[Via ACLU website]
Civil rights advocates seek protection for peaceful protest at Occupy Boston
Tuesday, November 15, 2011
Chris Ott, Communications Director, ACLU of Mass., 617-482-3170 x322, firstname.lastname@example.org
Howard Cooper, Todd & Weld LLP, 617-720-2626
BOSTON — Civil rights attorneys from the National Lawyers Guild and the American Civil Liberties Union went to court today
seeking to protect the rights of free speech, assembly, petition, and association for demonstrators at Occupy Boston in Dewey Square, in light of the heavy-handed police crackdowns in recent days on Occupy Wall Street protesters in New York, Portland, Ore., and Oakland, Calif.
“The Greenway is a public park and traditional open public forum and, as such, is a place where rights of free speech and assembly are paramount,” said Howard Cooper, an attorney from Todd & Weld, who filed the suit as a cooperating attorney with the National Lawyers Guild-Massachusetts Chapter and the ACLU of Massachusetts.

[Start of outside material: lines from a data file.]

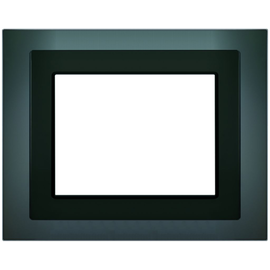 5WG1588-8AB14 Siemens GAMMA instabus Design Rahmen für Touch Panel Glas schw Produktbild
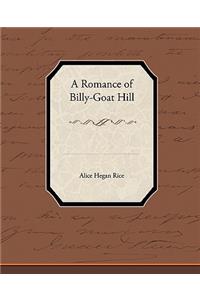 Romance of Billy-Goat Hill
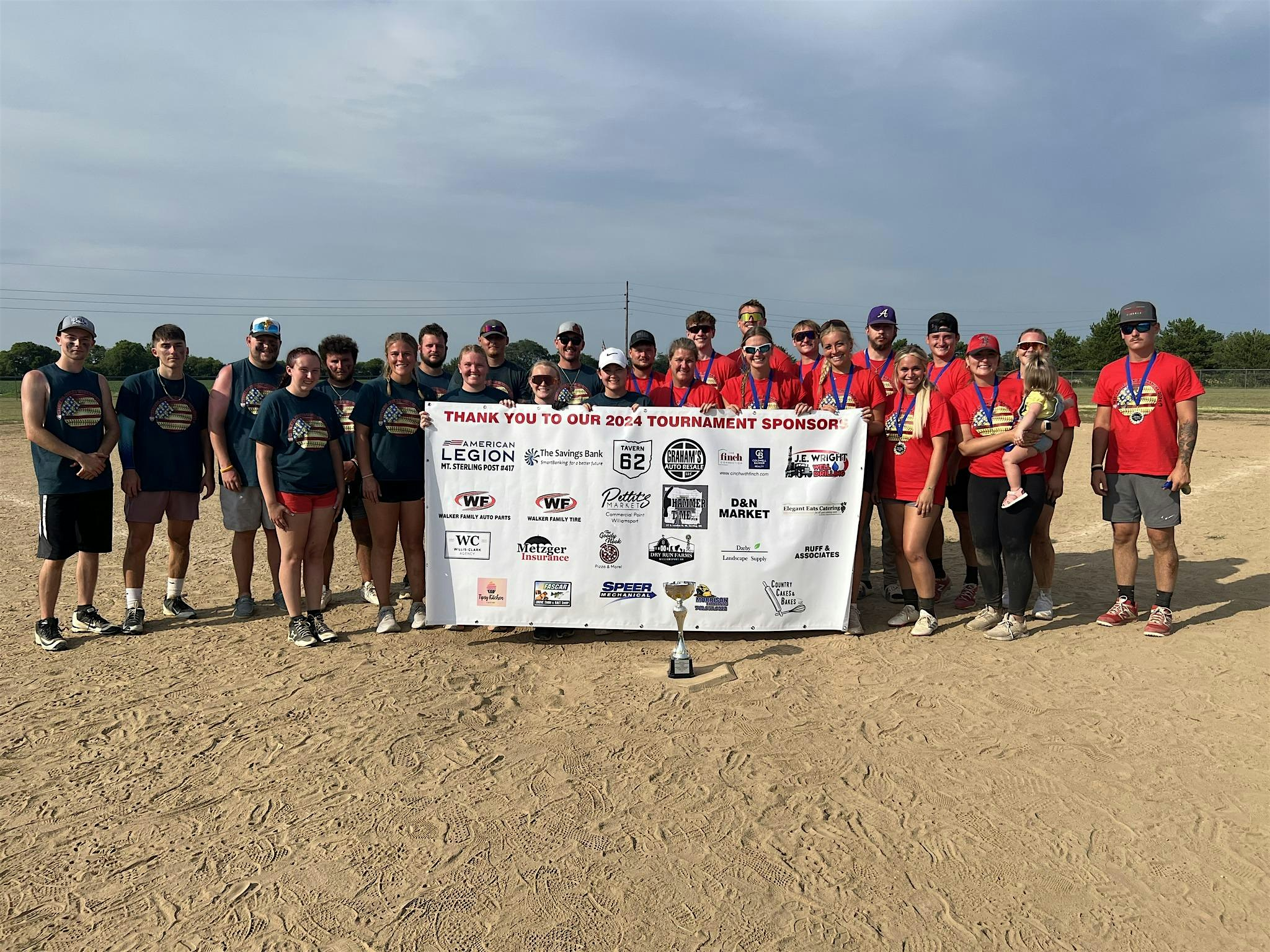 WEF 9th Annual Westfall Alumni Softball Tournament | Monroe Youth Athletic Association Ball Fields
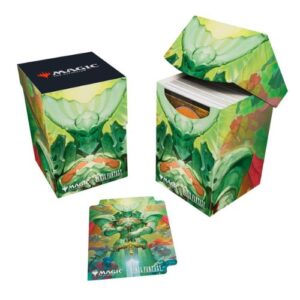 Porta Mazzo Summon: Knights of Round - Final Fantasy x Magic The Gathering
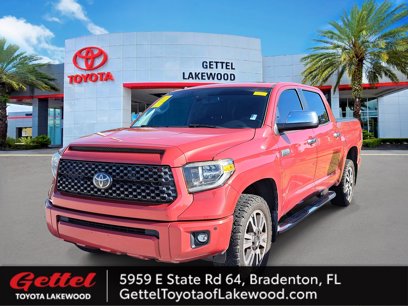 Used 2018 Toyota Tundra Platinum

“It is unreasonable to suddenly and forcibly oust peaceful protestors from streets, sidewalks, and parks that have long been used as places for peaceful expression,” said Cooper.

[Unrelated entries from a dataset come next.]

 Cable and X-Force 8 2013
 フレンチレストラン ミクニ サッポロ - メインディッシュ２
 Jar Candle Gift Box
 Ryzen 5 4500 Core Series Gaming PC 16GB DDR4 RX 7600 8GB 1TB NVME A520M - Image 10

The suit, filed in Superior Court, seeks a Declaration from the Court recognizing the right to peaceful protest and assembly under the U.S. Constitution and the Massachusetts Declaration of Rights, as well as an injunction to prevent police from staging another night-time raid, such as the one that began Oct. 10, 2011 and continued into the early morning hours of Oct. 11, when the Boston Police conducted a mass arrest of 141 people in the middle of the night.

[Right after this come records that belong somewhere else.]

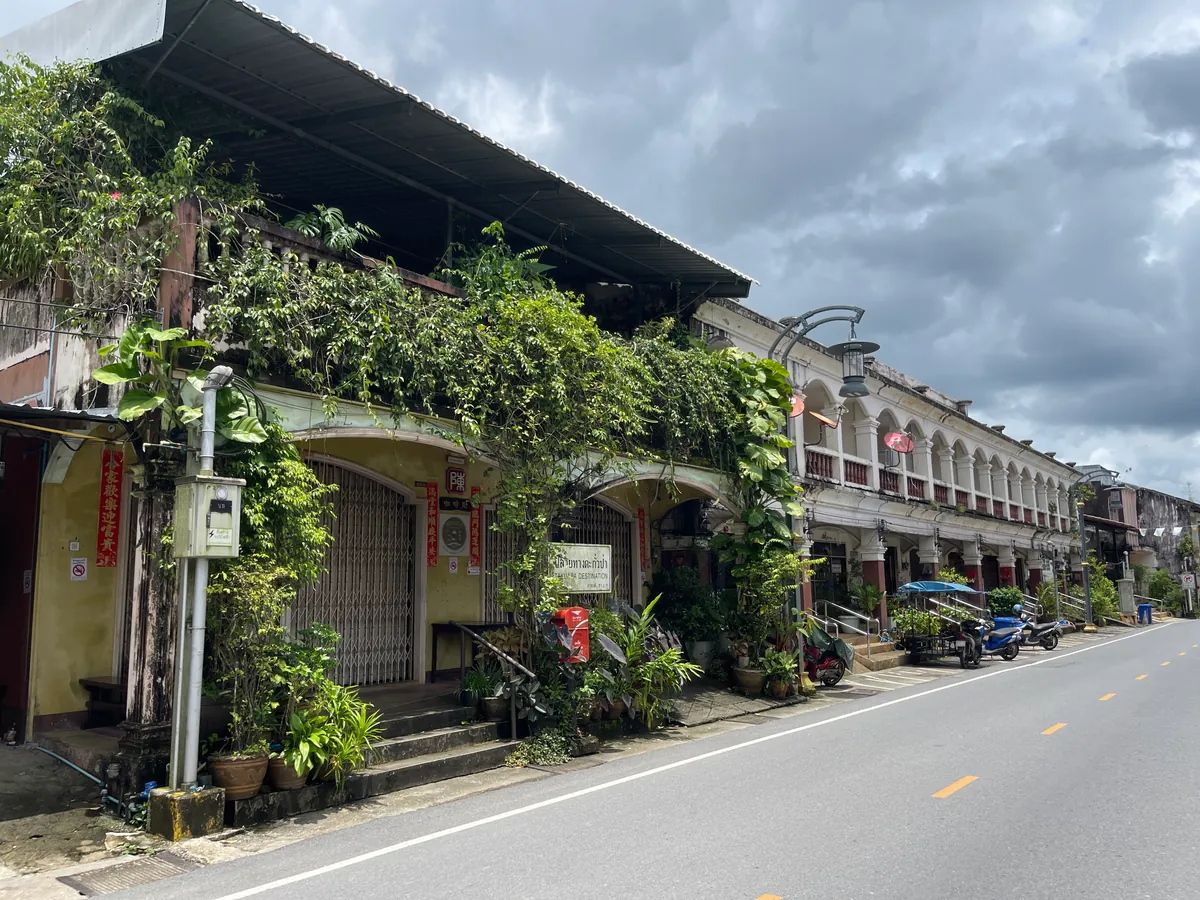 Takua Pa Old Town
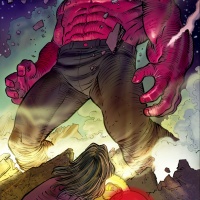 Avengers #7 preview art by John Romita Jr.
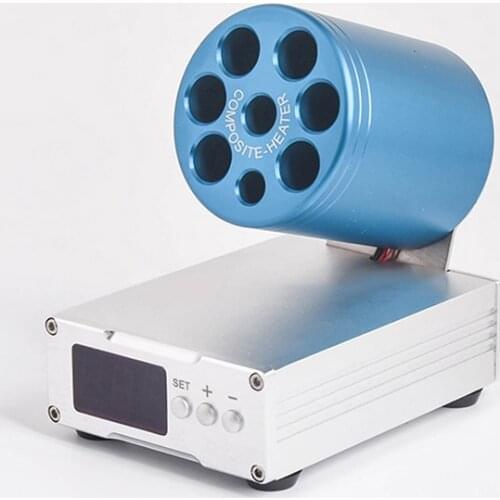 Commercial Resin Heater Compound Heater Agar Heater Resin Softener Adjustable Temperature Aluminum Alloy Body Dental Instruments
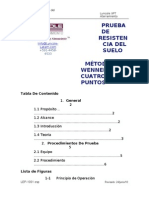 Metodos de Prueba de Resistencia Del Suelo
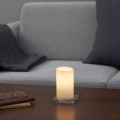 IKEA ÄDELLÖVTRÄD Светодиодная LED формовая свеча, белый / для дома, 14 см 10520260 105.202.60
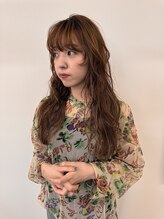 ジュノ 鹿屋店(Juno)&nbsp;layer×orange brown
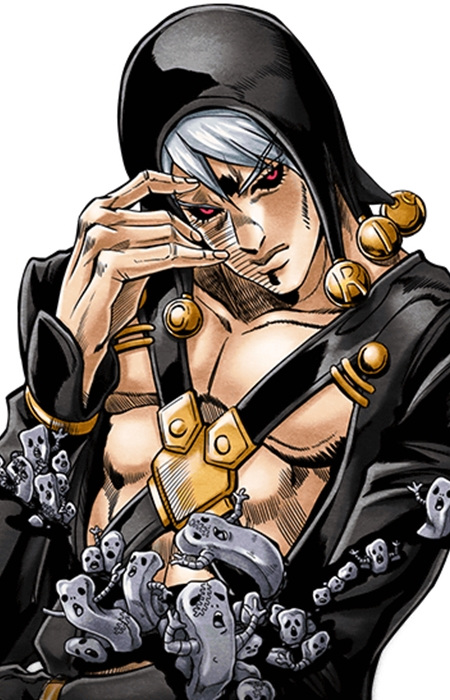Gambar Karakter Risotto Nero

Although Boston police have said that they have no plans “today” to evict the Occupy Boston protesters, Boston Police Department spokesperson Elaine Driscoll told boston.com that, “It’s difficult to say what will happen moving forward, but we will make those decisions on a daily basis.”
Meanwhile, a BBC report aired on WGBH this morning suggests that the recent crackdowns in other cities may be part of a coordinated effort. Oakland Mayor Jean Quan said that she participated in a conference call with leaders of 18 cities shortly before the latest wave of raids targeting Occupy Wall Street encampments across the country were launched, although she didn’t mention Boston by name.
“What happened in Boston on the night of October 10th when the police prevented hundreds of peaceful protesters from exercising their constitutional rights could be viewed as an indication of the City’s sentiments,” expressed Urszula Masny-Latos, Executive Director of the NLG, Massachusetts Chapter. “It seems like the Courts declare our rights; however, it is up to the Mayor and the police to decide who can exercise them, when, and how.”
“The right to peaceable assembly and protest is critical to our democracy,” said Carol Rose, Executive Director of the ACLU of Massachusetts. “We urge the Court to issue a clear statement that, in America, the public streets and parks belong to the people, and the rights to peaceful protest and assembly will be protected.”